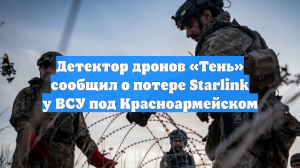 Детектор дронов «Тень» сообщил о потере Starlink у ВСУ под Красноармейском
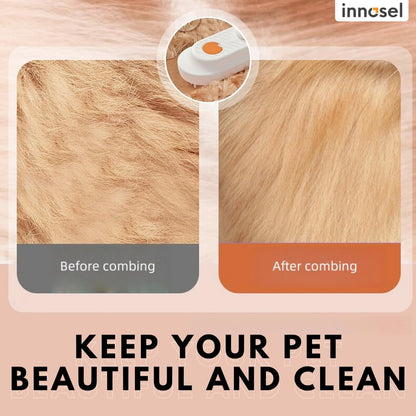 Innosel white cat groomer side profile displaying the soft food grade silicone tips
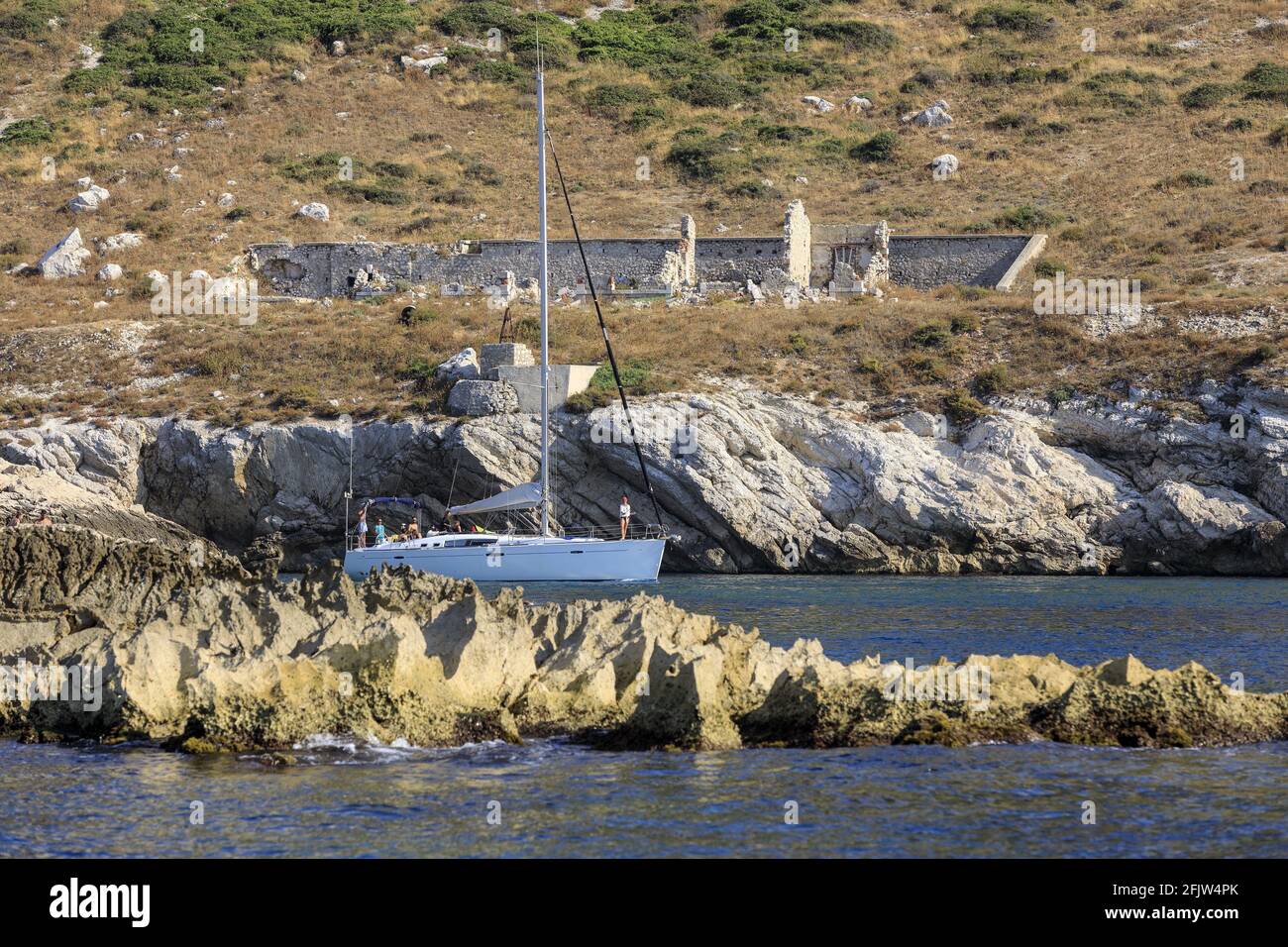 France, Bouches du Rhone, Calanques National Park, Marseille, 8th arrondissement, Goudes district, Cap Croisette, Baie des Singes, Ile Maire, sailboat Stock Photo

Action item:
Exactly as written, return each line above and leave the pictures behind.

Response:
 Детектор дронов «Тень» сообщил о потере Starlink у ВСУ под Красноармейском
 Innosel white cat groomer side profile displaying the soft food grade silicone tips
 France, Bouches du Rhone, Calanques National Park, Marseille, 8th arrondissement, Goudes district, Cap Croisette, Baie des Singes, Ile Maire, sailboat Stock Photo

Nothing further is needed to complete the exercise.